Only the pictures should be dropped; every line of the data must come back exactly as written.

DATA PROVIDED section start

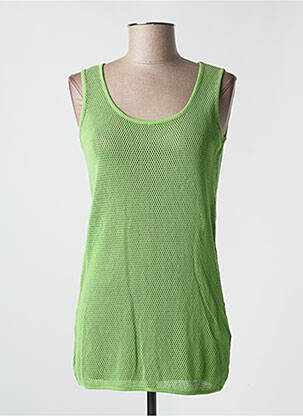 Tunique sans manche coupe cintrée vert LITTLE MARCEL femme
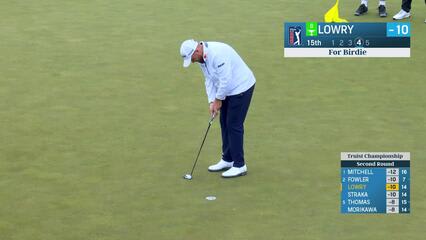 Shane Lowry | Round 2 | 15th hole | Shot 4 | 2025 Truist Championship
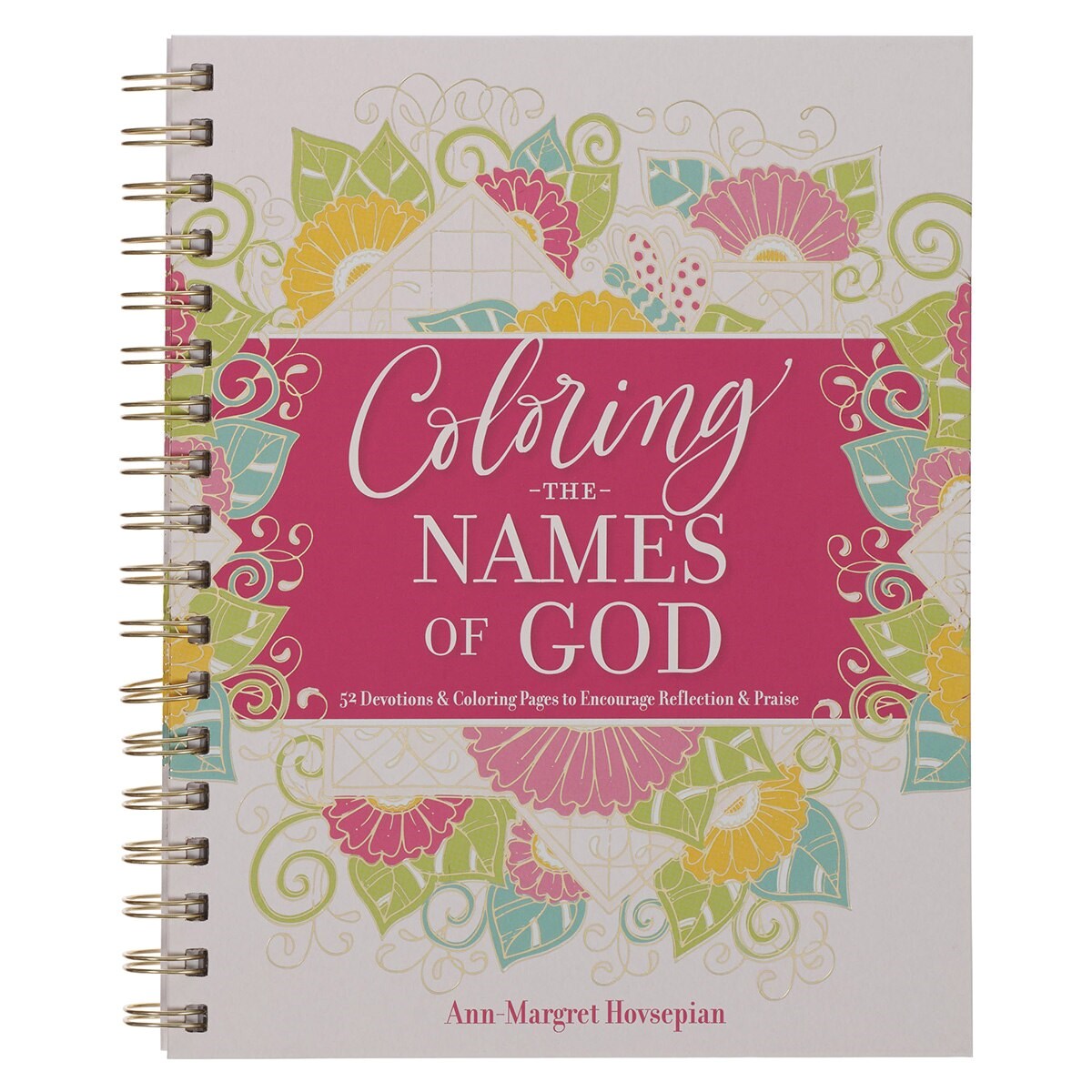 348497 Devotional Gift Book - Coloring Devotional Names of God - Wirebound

DATA PROVIDED section end

**TASK RESULT**.
 Tunique sans manche coupe cintrée vert LITTLE MARCEL femme
 Shane Lowry | Round 2 | 15th hole | Shot 4 | 2025 Truist Championship
 348497 Devotional Gift Book - Coloring Devotional Names of God - Wirebound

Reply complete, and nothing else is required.